Lectures on Marxian Economic Theory. Accepted for publication by the Oxford University Press. (Eight chapters completed in first draft.

“A Contribution to the Economic History of the Law of Corporations.” Accepted for publication by The Quarterly Journal of Economics.

*  *  *  *  *  *  *  *  *  *  *  *  *  *  *

Dean Signals Green Light
to Appoint for
a Five-year Term

C O P Y

February 26, 1940.

Dear Mr. Chamberlin:

                  I confirm herewith the message I gave you by telephone this morning, that we are agreed to have Dr. Paul Sweezy appointed as Faculty Instructor for five years beginning on September 1, 1940. It is part of this transaction that you and we are agreed that Dr. Sweezy should be informed (first) that this appointment involves no commitment for his election to a vacancy on the permanent staff, (second) that he will be considered for election to such a vacancy in competition both with other Faculty Instructors on the staff and with outsiders, and (third) that in all likelihood this competition will be severe.

                  Will you kindly write to him to this effect and send to me both a copy of your letter and of his acknowledgment of its receipt?

                  I am

Yours sincerely,
[unsigned]

Professor E. H. Chamberlin

*  *  *  *  *  *  *  *  *  *  *  *  *  *  *

Chairman Informs Sweezy
of the Appointment Decision

COPY

February 29, 1940

Dear Paul:

This letter is to confirm our conversation of several days ago. The Department of Economics has voted for you a five-year appointment as Faculty Instructor dating from September 1940, and this appointment has been approved by both Dean Ferguson and by President Conant. It goes without saying that it is an expression of a belief in your promise as an economist and in your continued usefulness to the Department over the five years to come.

                  The appointment, made during the transition from the old system to the new, in effect continues your tenure on a non-permanent basis over a period of eight years from your Ph.D. which is perfectly normal, but has the unusual result of extending over the entire eight-year period your status as “Faculty Instructor.” For this reason apprehension has been expressed both in the Department and by the University administration lest it be misinterpreted. In fairness to you it should be made perfectly clear that no one regards this appointment as involving any commitment whatever for subsequent election for a permanent position at Harvard. When such a permanent position is to be filled, the competition will include, as well as yourself and other Faculty Instructors on the ground, former members of the Department and still others from the outside. It looks now as if this competition would be severe.

                  I trust that you will understand the importance of avoiding any misunderstanding at this time.

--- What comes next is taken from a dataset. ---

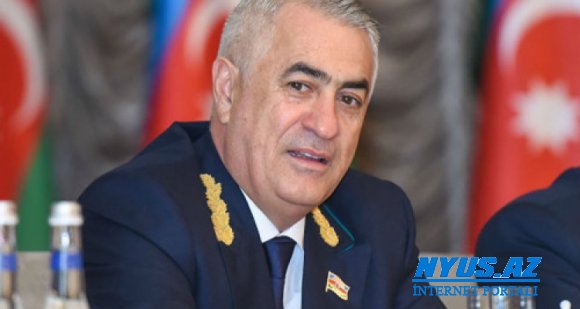 Cavid Qurbanov ad gününü belə qeyd etdi - Sürpriz parti... Video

Will you please let me have an acknowledgement to this letter.

Sincerely yours,
(s) E. H. Chamberlin

Dr. Paul M. Sweezy
10 Forest Street
Cambridge, Massachusetts

*  *  *  *  *  *  *  *  *  *  *  *  *  *  *

Sweezy Confirms Understanding
Tenure Review will be Competitive

COPY

March 3, 1940

Professor Edward H. Chamberlin,
Department of Economics,
Littauer Center,
Cambridge, Mass.

Dear Professor Chamberlin,

                  I have your letter of February 29th regarding my appointment to a five year term as Faculty Instructor beginning next fall. Needless to say I am happy that the Department and the Administration feel the confidence in my work to date which this appointment implies.

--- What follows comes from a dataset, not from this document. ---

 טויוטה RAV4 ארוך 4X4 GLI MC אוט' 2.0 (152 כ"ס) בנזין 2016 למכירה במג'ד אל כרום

                  I note that both the Department and the Administration are anxious to make it quite clear that this appointment carries with it no implication of further commitments. You may rest assured that I understand the situation in this respect completely; this letter will serve to furnish a formal record of the fact.

Sincerely,
(sgd.) Paul M. Sweezy

*  *  *  *  *  *  *  *  *  *  *  *  *  *  *

Official Announcement
of the Appointment Decision

PAUL MARLOR SWEEZY

Recommendation of the Dean of the Faculty:

                  I recommend the appointment of Dr. Paul Sweezy as Instructor in Economics and Tutor in the Department of Economics for five years from September 1, 1940. Dr. Sweezy’s three-year term as Faculty Instructor expires this year. Prior to his present appointment he served three years as Annual Instructor before receiving his doctorate. Consequently he is entitled under our rules to the five-year Faculty Instructorship for which he is recommended. He is thirty years of age.

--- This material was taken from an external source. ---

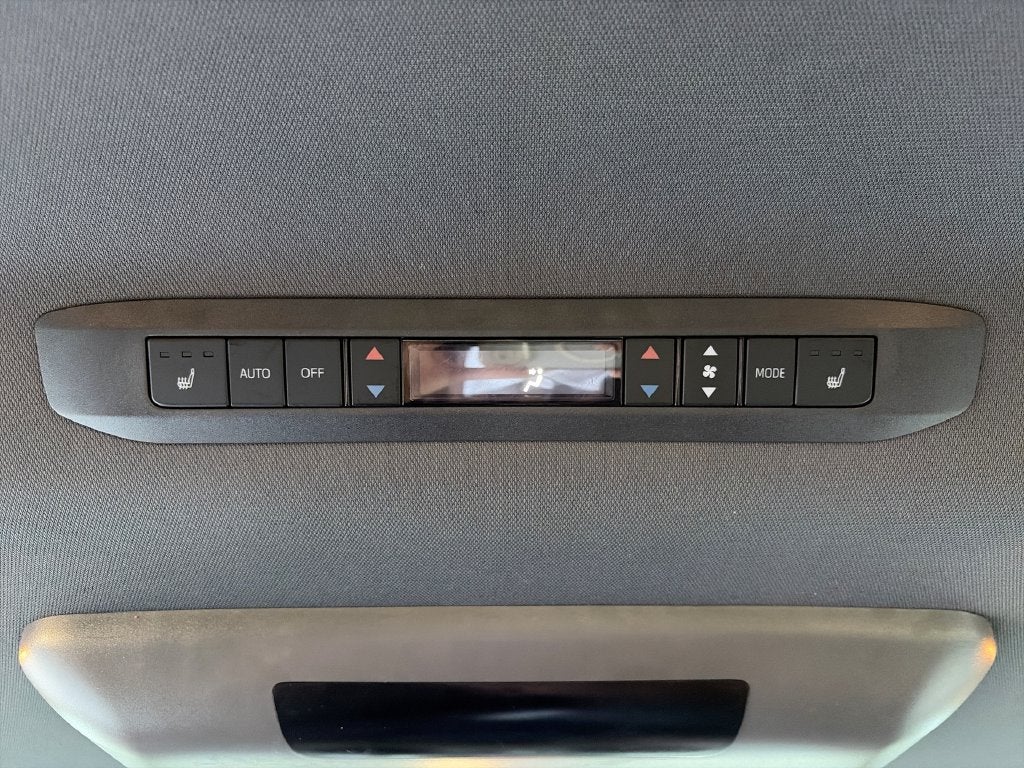2023 Toyota Sienna Platinum 7 Passenger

                  The vote of the Department on which this recommendation is based was not unanimous. The two dissenters preferred to have the five-year period divided into two periods, one of two years and the other of three. This division seems to me to conflict with the essential idea on which the new type of Faculty Instructorship rests. It denies him the opportunity of sufficient time, free from the consequences on himself and his work of an intervening judgment, in which to demonstrate his scholarship. On the plan of the dissenters Dr. Sweezy would come up for consideration again a year hence. It is not urged that the Department would be in a better position to reach a definite decision regarding him twelve months from now than it is in at present. The action recommended by the great majority of the Department is best calculated to give Dr. Sweezy a fair chance. The Department has only one other Faculty Instructor on the five-year tenure at present and he has just been appointed. Their quota is six. Hence they could have another man in direct competition with Dr. Sweezy in 1944. Dr. Sweezy is comparatively young. There is, therefore, little risk in keeping him on for five years longer. In a subject like Economics the five years between the ages of 30 and 35 constitute the period in which a man ordinarily comes to maturity.

                  The enclosed letter from me to Professor Chamberlin makes clear to Dr. Sweezy the situation in which he stands on entering on his five-year term.

[signed] W. S. Ferguson

March 20, 1940.

*  *  *  *  *  *  *  *  *  *  *  *  *  *  *

Memorandum of the discussion between Mr. Albert Bigelow, Professors Burbank and Chamberlin, and Assistant Dean Buck, and myself [W. S. Ferguson, Dean of the Faculty of Arts and Sciences] Thursday, May 9, 1940.
Dramatis Personae

Albert Francis Bigelow. Harvard Class of 1903. Harvard Law Graduate. Member of the Economics Visiting Committee. Republican member of the Massachusetts House of Representatives 1925-1944. [His son, Albert Bigelow, was a prominent pacifist.]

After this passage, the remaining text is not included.